You remember in John 11 when Lazarus died and Jesus said, “Let us go to Bethany”?
The disciples asked, “Do you not know that the Jews are trying to kill You? Are You going to go back and put Yourself right into their hands, put Yourself right in their power?”
Jesus’ answer was, “Yes.”
Then the disciples said with resignation, “Well, we will go and die with You.”
As Jesus was looking at trouble ahead, please notice His words. He does not say, “There is trouble ahead; therefore, make sure that you have your church history straight,” although church history is very important. He did not even say, “There is trouble ahead; make sure that you have your theology straight,” even though theology is very important. What did He say? He said, “There is trouble ahead. There is danger ahead. Stay close to Me. Stay close.”
Now the language back in John 6 says, “You must eat My flesh and drink My blood.” At the last supper, Jesus breaks the bread, passes it, and says, “This is My body which is given for you. Eat all of it.” He passes out the wine and says, “This is My blood which is shed for you. Drink it.” (See Matthew 26:27.) What was He saying to them? “To eat the flesh and drink the blood of Christ is to receive Him as a personal Saviour, believing that He forgives our sins and that we are complete in Him. It is by beholding His love, by dwelling upon it, by drinking it in, that we are to become partakers of His nature. What food is to the body, Christ must be to the soul. Food cannot benefit us unless we eat it, unless it becomes a part of our being. So Christ is of no value to us if we do not know Him as a personal Saviour. A theoretical knowledge will do us no good. We must feed upon Him; receive Him into the heart, so that His life becomes our life. His love, His grace, must be assimilated.
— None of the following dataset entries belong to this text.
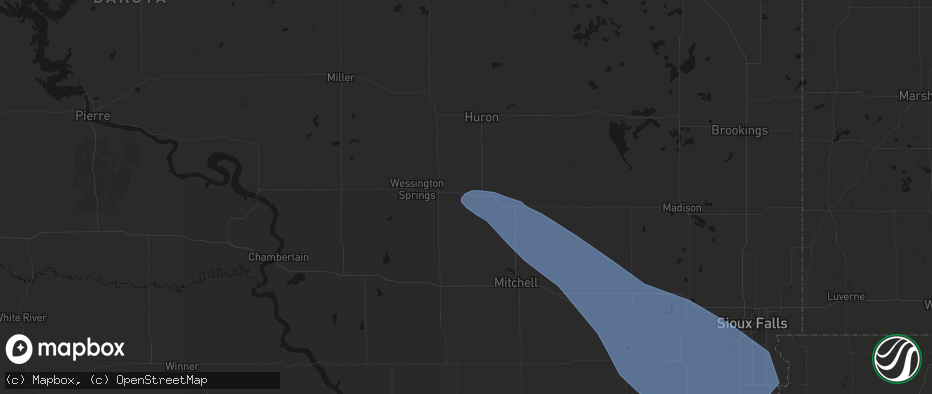 Hail map in Woonsocket, SD on June 17, 2026
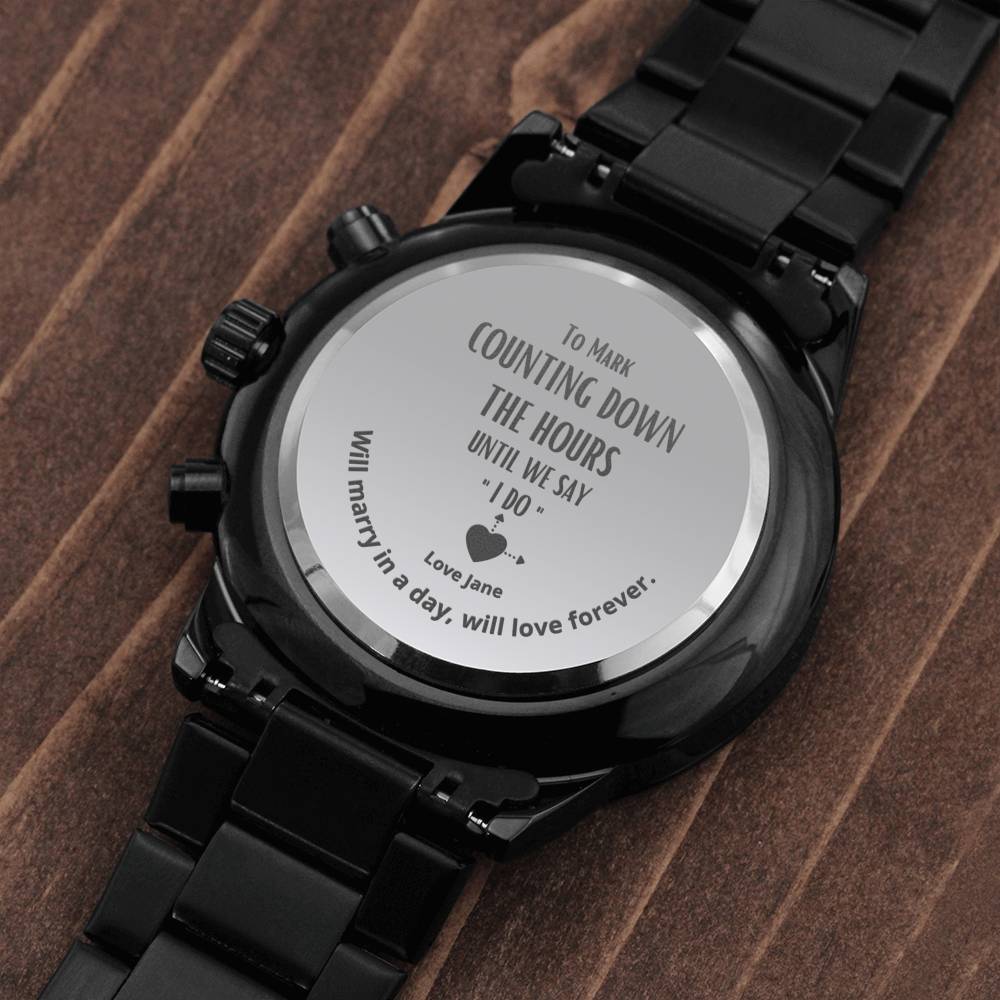 Gift message watch for groom from Bride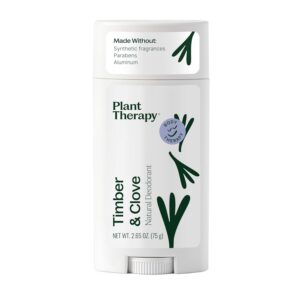 Plant Therapy Timber & Clove Natural Deodorant Aluminum Free 2.65 oz. Made with Natural Ingredients, Paraben Free, Neutralizes Odor, Absorbs Wetness, Non-GMO, Cruelty Free, GMP Compliant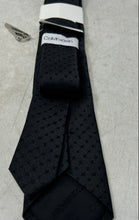 Load image into Gallery viewer, Calvin Klein Mens Gray Geometric Keeper Loop Adjustable Pointed Tie With Tags
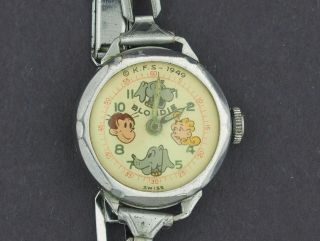 Rare 1949 Blondie & Dagwood Comic Character Watch K.  F.  S.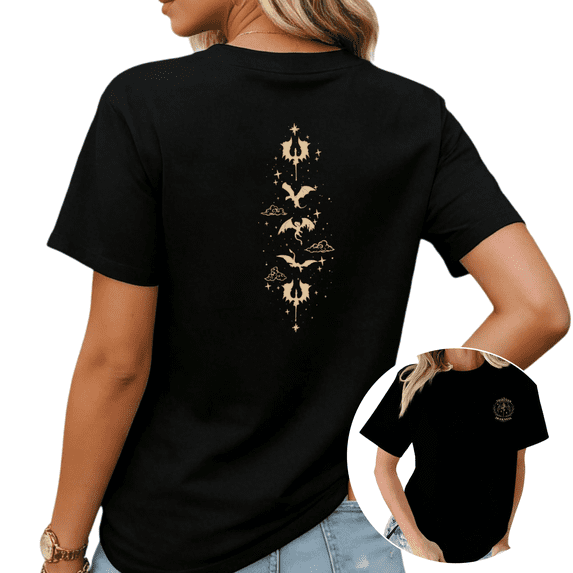 Prythian Night Court Illyrian Warrior Graphic Tees Womans Tshirt Shirts Black White S-5XL Tops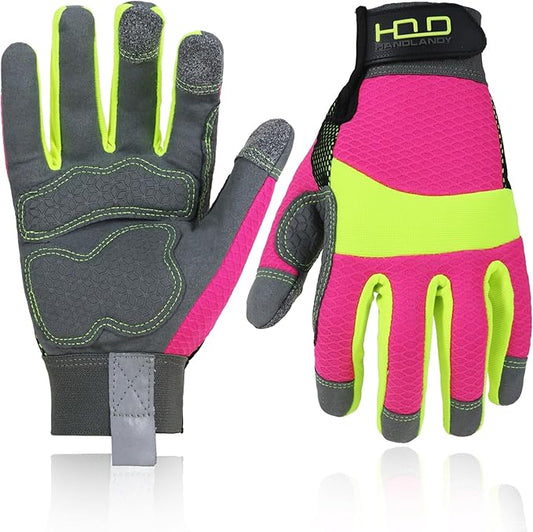 HANDLANDY Women Safety Work Gloves Utility Touch Screen Working Grip Glove for Yardwork Gardening Breathable Mechanic Gloves-VerdiqueGarden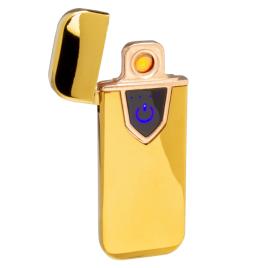 Bricheta electronica cu incarcare usb, buton cu lumina, cu senzor de amprenta, 7 cm, auriu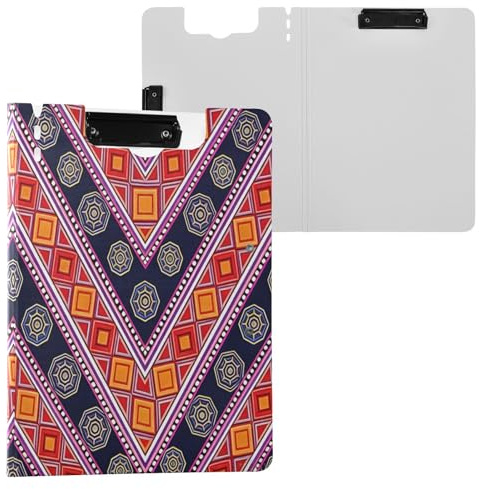 Cartella portablocco con motivo etnico arancione e blu navy, formato A4, con doppia clip, portapenne, per infermieri, con copertina rigida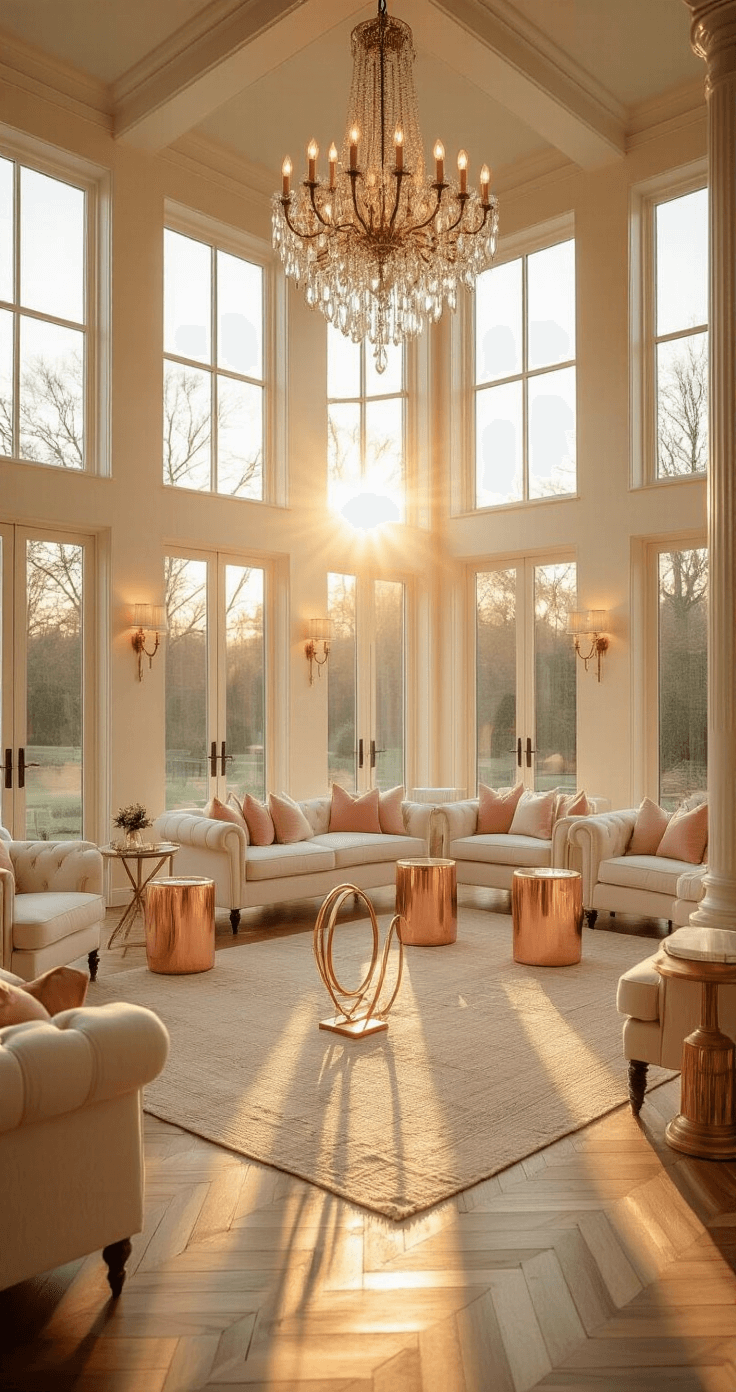 A romantic engagement party setup in a spacious open-plan living room featuring golden hour sunlight, an elegant ring toss game station with gold hoops, vintage furniture arrangements, and soft lighting from chandeliers and uplighting, all captured from an elevated angle with a dreamy bokeh effect.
“So fully was Jesus surrendered to the will of God that the Father alone appeared in His life. Although tempted in all points like as we are, He stood before the world untainted by the evil that surrounded Him. Thus we also are to overcome as Christ overcame.” The Desire of Ages, 389. This is what it means to eat His flesh and drink His blood. It is an appeal for intimacy, an appeal for intimacy in the strongest language.
Stay close to Jesus in prayer. If you have been praying five minutes a day, how about making it ten? Stay close to Him in feasting upon His Word. In the same chapter, Ellen White writes, “The life of God, that gives life to the world, is in His Word.” Ibid., 320. If you have been reading the Bible ten minutes a day, how about making it twenty minutes? Stay close to His counsels in that precious treasure of the Spirit of Prophecy. Do no try to solve your problem by going off by yourself. We do not deny the problems, but the solution is not to withdraw. Stay close to Him in prayer; stay close to His Word in study; stay close to His counsels, cherishing and studying them; and stay close to His people. Jesus says to us, as He said to His disciples, “There is trouble ahead. There is danger ahead. Stay close to Me. Stay close.